HOW TO: control Healthiness on data gathering

×

Warning message

You can't delete this newsletter because it has not been sent to all its subscribers.

data ingested by IoT processes and IoT App in terms of Entities or Devices can experience errors and probems due to devices, connections, processes, etc. The Healthiness in Snap4City is performed at level of the single attribute (sensors) of each device/entity. This allow to detect the problems on single variable/sensors and on the whole device. 

On Snap4City a number of solutions are set up to control their healthiness. 

  1. Each device has a declared data rete, the ingestion process in Ni-Fi and Km4City / ServiceMap may control at the ingestion time if the rate is satified, and if the data are coming at least once per day. If not the healthiness flag on Data Inspector is maked as RED instead of GREEN when the healthiness criteria is satified. On the other hand, if the data are not loaded the problem is detected at point 2.
  2. The setup of rate may be wrongly set, and thus a Python process has been setup to perform an analysis of the actual status of the ingested data. The Healthiness control process has been created to perform query on KB through the appropriate API, and obtain the list of not healthy devices, and devices over the expiration time. This information is used to update a table of an SQL database in the platform, or container with SQL database. At each exceution, a number of healthiness metrics is computed in real time to shortening the failure detection and reduce the possibility of proviing alerts for non critical conditions due to sporadic delay of data retrieval. 
  3. An Healthiness Manager reportes the information, and they are dynamically displayed, allowing the user to filter and search for information working on the server side.
  4. Similar information is accessible from the Data Inspector.
  5. An IoT App and additional AI/ML processes can be activated on extracted metrics for predicting maintenance, and early warning. 
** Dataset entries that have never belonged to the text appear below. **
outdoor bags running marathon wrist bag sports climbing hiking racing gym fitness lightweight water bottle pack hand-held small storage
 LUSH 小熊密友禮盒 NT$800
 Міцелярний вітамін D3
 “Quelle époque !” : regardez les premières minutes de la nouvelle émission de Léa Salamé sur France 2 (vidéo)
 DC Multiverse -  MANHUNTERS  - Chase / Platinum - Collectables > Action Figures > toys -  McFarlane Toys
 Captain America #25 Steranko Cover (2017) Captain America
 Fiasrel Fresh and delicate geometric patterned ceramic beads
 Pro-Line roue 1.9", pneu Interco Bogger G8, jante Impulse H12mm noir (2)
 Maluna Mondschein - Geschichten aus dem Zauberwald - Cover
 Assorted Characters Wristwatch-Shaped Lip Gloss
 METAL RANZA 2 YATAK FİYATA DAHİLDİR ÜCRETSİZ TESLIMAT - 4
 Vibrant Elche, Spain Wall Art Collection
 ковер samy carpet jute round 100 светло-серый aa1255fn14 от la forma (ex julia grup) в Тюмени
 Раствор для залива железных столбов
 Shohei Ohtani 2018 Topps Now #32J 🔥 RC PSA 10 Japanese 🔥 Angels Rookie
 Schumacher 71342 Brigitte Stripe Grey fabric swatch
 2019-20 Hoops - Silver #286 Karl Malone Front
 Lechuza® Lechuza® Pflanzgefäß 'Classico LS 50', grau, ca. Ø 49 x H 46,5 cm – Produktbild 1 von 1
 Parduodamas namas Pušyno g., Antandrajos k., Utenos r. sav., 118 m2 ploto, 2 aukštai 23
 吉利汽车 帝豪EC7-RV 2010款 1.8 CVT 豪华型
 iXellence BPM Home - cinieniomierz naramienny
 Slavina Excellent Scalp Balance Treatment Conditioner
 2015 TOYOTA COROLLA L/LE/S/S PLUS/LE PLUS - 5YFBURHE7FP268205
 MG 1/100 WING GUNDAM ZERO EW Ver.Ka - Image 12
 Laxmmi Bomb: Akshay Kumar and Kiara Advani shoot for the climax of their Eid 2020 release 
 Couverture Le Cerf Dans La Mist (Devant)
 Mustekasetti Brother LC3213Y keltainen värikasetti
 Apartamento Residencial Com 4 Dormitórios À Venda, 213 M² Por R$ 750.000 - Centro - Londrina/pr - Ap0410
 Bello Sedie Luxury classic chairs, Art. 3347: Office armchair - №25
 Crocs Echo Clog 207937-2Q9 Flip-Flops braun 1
The healthiness data base, for each variable of each device the following information is inserted into the table:

  • Service URI of the resource represented by the device
  • Proprietary organization of the device, obtained through parsing the URI (if it is not present in the uri it is inserted as NULL)
  • Reference broker for the device, obtained through parsing the URI
  • device Name obtained through parsing the URI
  • Device model (if not specified it is inserted as NULL)
  • Nature of the device
  • Sub-nature of the device
  • Name of the variable/sensor
  • Value of the variable/sensor value
  • Datetime of the last device measurement received from KB, and thus fully ingested
  • Expected date and time of next measurement, according to the device rate
  • Number of consecutive failures of the device, indicates for how many consecutive database updates the device was returned as not healthy by the KB API
  • Timestamp of the last not healthy, represents the instant of time relating to the last update of the device within the database as not healthy
  • Delta: difference in minutes between the time of the last database update and the expected date for the next measurement. It tells us how long the de­vice exceeded theexpected date(if a device returns healthy this parameter may take on a negative value)
  • Maximum delta value. It allows us to understand if a device periodically updates the expected date and what is the maximum consecutive not healthy period of the deviceù
  • Percent: represents the percentage increase in delta between two consecutive database updates. It allows us to understand the novelty of device failure: a device that has failed for a long time will have a low percentage value while a device that has just become unhealthy will have a high percentage value
  • InsertTimestamp: date of the first insertion of the record into the table

When a device is present in the healthiness database results that is already contained in the table, its records are updated with the most recent data returned from the KB. Furthermore, it is checked whether the list of variables already present in the database and those returned by the API match, otherwise a new record is inserted for each new device variable. For each variable of each device already contained in the table the following are updated:

  • Number of failures: increased by one compared to the previous value
  • Timestamp of the last not healthy
  • Date of the next expected measurement
  • Date of the last data received
  • Value of the variable, if different from the previous one
  • Delta and its maximum value
  • Percentage of increase in delta compared to the previous value

To reduce the execution times of the code it was necessary to define indexes for the MySQL database, one that takes into consideration only the service uri column and one that indexes by uri and variable name. In this way the recovery of records and therefore the updating of the database is much faster. In fact, the update time for public devices alone without the use of indexes is comparable to that needed for all devices (even private ones) exploiting the potential of indexes.

To prevent the code from throwing an exception when updating records, when the value of delta is 0, and this is to be used in the denominator to calculate the percentage, it is replaced with 1 within the operation; furthermore, percentage values   greater than 1000 are set equal to 999, as the database table only accepts floating-point values   with at most 3 digits in the integer part of the number.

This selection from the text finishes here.